[Instructions to follow] Find the line containing "2 bed, 868 sqft, $2,250 — Photo 4" in the records below. Copy exactly that line and each one after it, ending at the line containing "БРЮКИ WIDE LEG", and nothing more.

[Records shown]
########

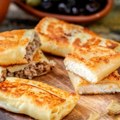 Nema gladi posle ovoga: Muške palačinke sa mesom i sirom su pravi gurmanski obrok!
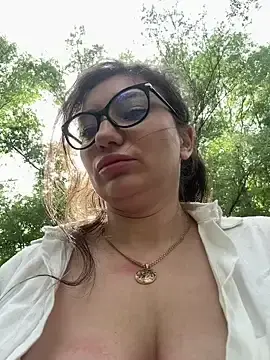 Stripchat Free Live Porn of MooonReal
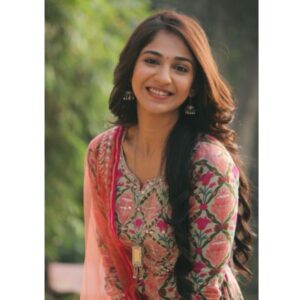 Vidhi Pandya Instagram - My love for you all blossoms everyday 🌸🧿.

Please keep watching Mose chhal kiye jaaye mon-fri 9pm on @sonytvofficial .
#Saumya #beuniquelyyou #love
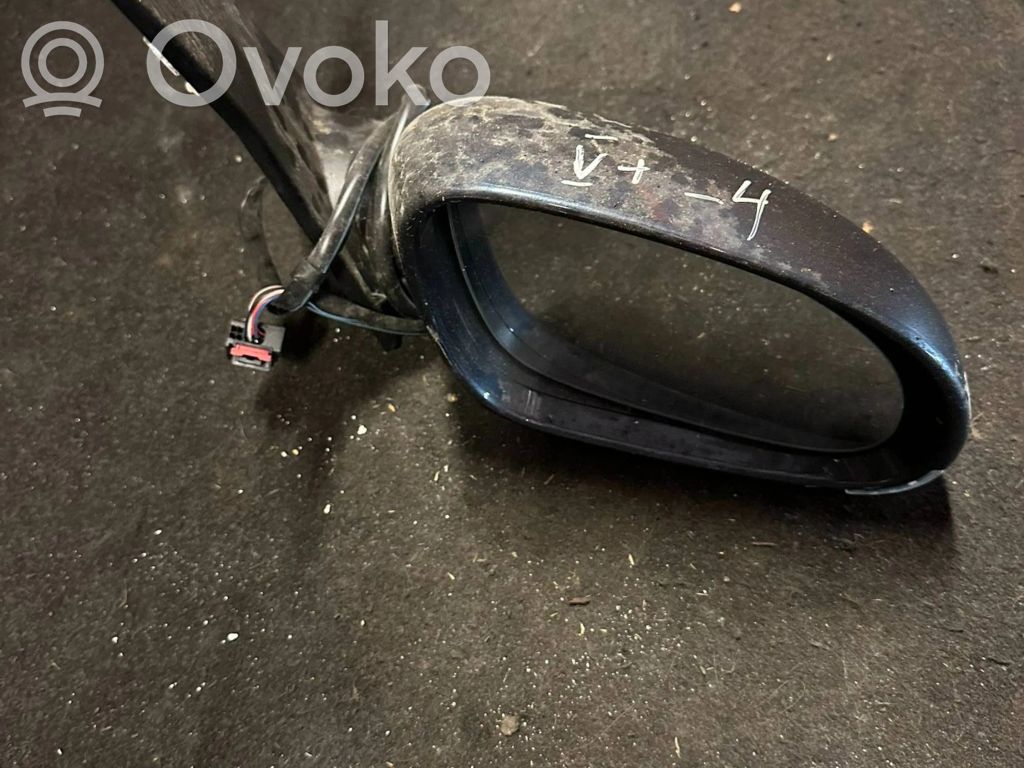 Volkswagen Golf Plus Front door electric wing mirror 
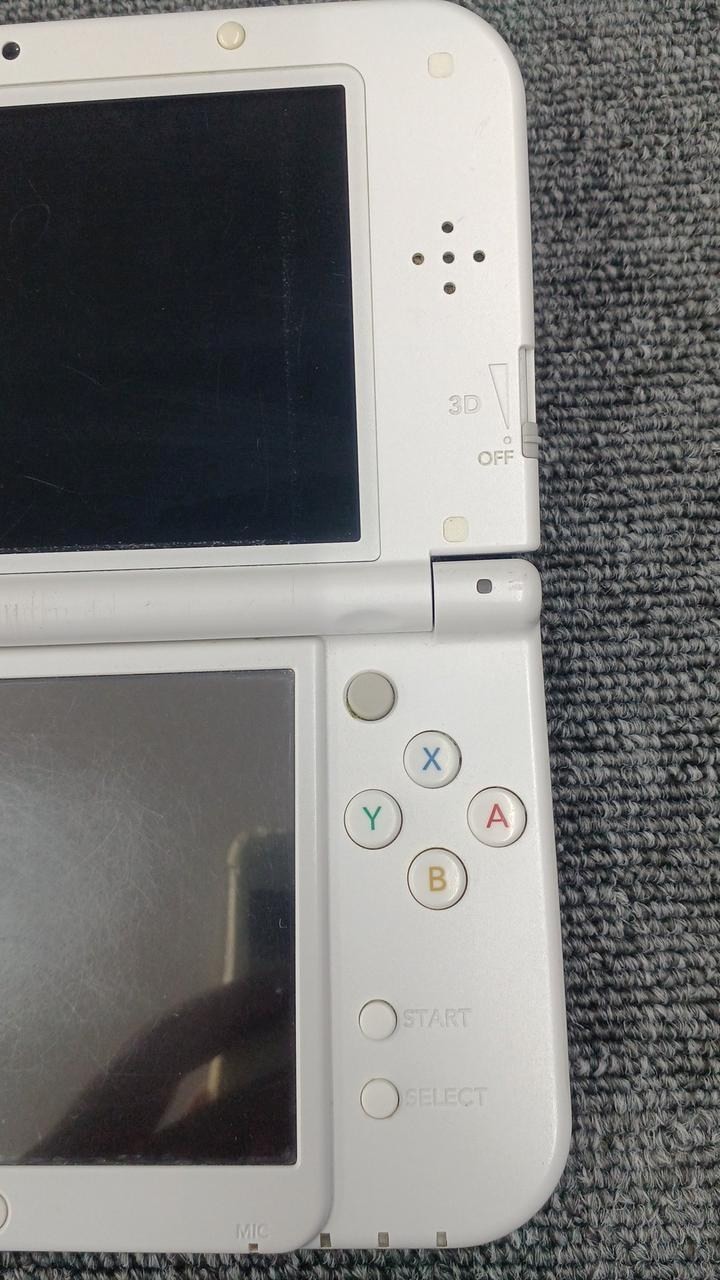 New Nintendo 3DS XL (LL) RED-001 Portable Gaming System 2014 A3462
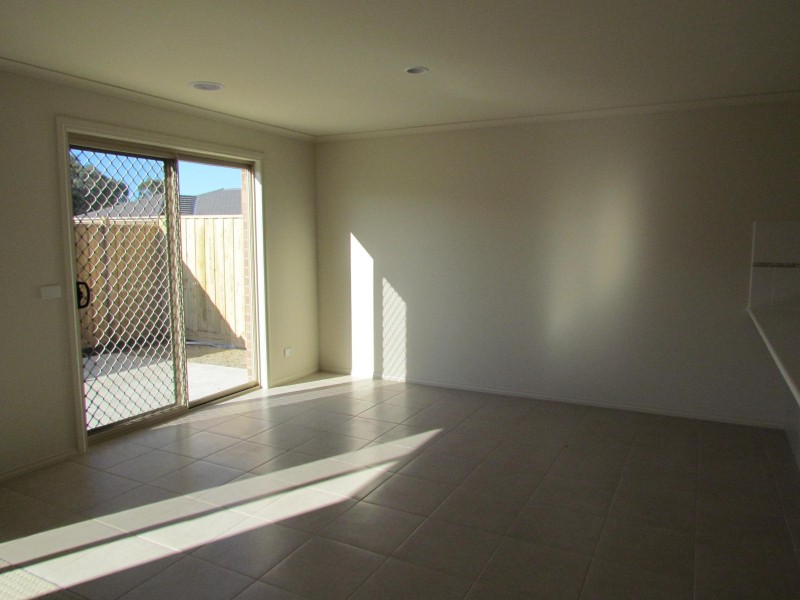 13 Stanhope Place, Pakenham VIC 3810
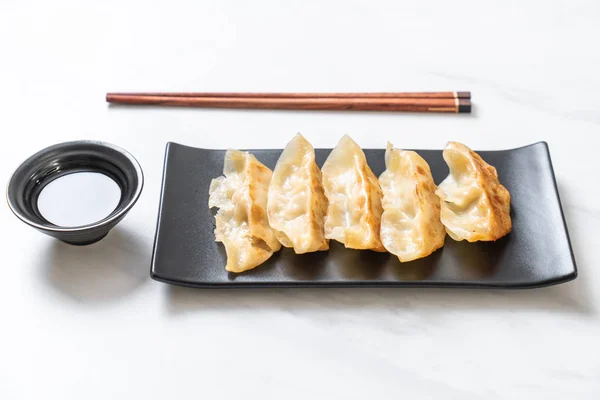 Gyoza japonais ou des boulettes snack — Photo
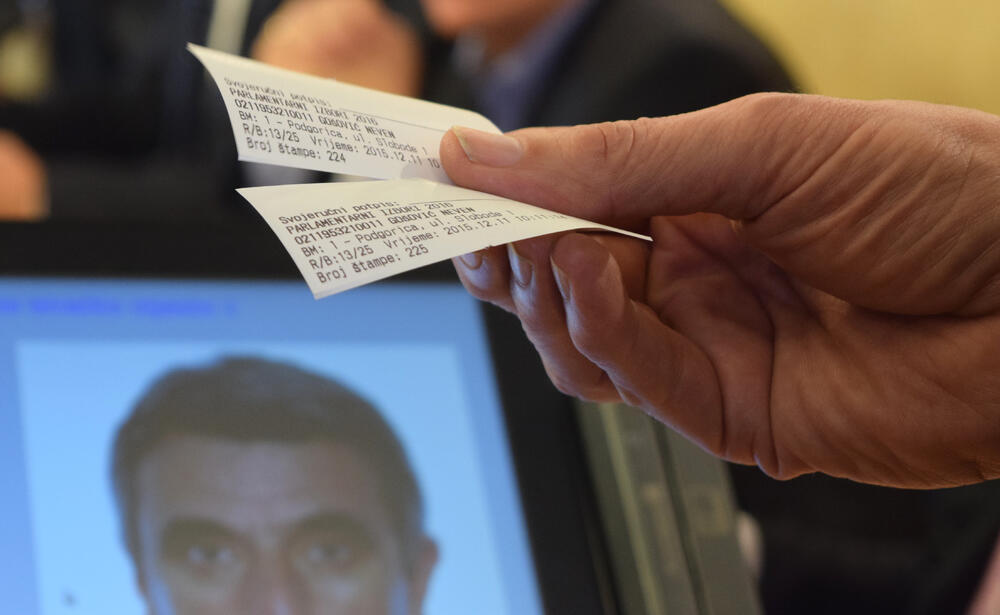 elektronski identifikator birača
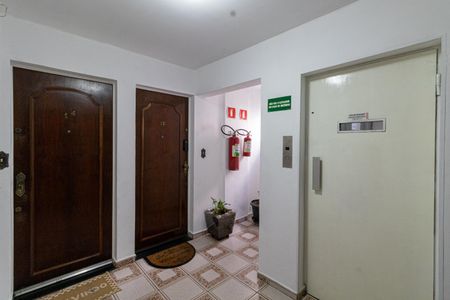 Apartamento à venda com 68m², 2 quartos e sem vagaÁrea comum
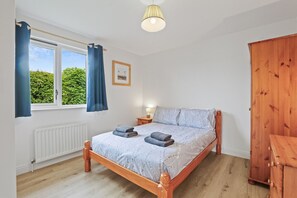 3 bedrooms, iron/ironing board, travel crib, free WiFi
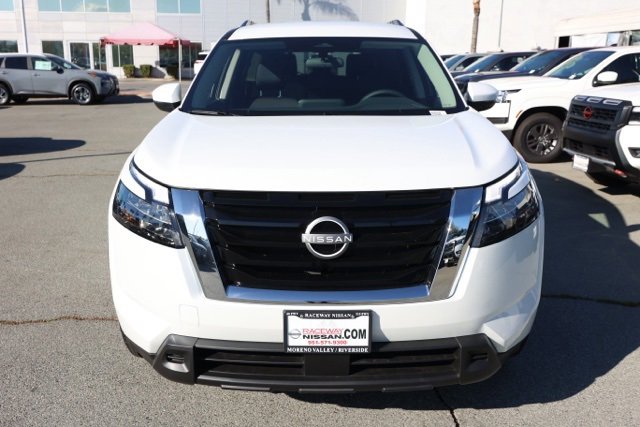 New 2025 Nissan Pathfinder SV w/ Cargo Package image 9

########

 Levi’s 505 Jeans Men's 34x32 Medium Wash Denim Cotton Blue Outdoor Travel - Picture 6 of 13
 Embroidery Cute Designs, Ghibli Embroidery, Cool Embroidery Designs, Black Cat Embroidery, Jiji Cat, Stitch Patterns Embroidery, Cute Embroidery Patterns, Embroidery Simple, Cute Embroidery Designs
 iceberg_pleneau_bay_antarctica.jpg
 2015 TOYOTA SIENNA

########

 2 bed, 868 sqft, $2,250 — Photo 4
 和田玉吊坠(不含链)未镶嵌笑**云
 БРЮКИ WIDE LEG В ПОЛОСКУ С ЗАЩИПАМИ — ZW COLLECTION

########

[Solution]
 2 bed, 868 sqft, $2,250 — Photo 4
 和田玉吊坠(不含链)未镶嵌笑**云
 БРЮКИ WIDE LEG В ПОЛОСКУ С ЗАЩИПАМИ — ZW COLLECTION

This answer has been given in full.